Below are records; please set down exactly the lines from the first through the one containing "Warm Family Gathering".

═══ Data for processing

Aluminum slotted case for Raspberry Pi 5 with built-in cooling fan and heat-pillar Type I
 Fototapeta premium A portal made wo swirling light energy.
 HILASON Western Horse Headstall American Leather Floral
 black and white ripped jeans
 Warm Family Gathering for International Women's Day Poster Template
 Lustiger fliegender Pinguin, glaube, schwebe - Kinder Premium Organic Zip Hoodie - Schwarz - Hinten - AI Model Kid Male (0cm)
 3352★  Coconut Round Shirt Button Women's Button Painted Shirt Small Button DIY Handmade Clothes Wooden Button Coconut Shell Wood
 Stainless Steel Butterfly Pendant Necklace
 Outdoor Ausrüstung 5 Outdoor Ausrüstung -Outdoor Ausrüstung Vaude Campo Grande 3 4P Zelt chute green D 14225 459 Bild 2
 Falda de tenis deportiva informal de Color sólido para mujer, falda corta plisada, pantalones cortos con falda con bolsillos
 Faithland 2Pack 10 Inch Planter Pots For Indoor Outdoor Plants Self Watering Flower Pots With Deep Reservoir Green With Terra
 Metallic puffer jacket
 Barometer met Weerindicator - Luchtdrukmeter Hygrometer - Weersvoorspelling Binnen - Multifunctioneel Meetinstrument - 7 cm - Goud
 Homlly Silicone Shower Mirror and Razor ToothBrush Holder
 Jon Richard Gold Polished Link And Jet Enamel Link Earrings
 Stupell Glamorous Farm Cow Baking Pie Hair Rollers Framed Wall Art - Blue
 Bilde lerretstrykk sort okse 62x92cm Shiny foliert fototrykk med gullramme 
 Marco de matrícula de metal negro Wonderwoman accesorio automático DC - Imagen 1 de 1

══════

Written answer:
Aluminum slotted case for Raspberry Pi 5 with built-in cooling fan and heat-pillar Type I
 Fototapeta premium A portal made wo swirling light energy.
 HILASON Western Horse Headstall American Leather Floral
 black and white ripped jeans
 Warm Family Gathering for International Women's Day Poster Template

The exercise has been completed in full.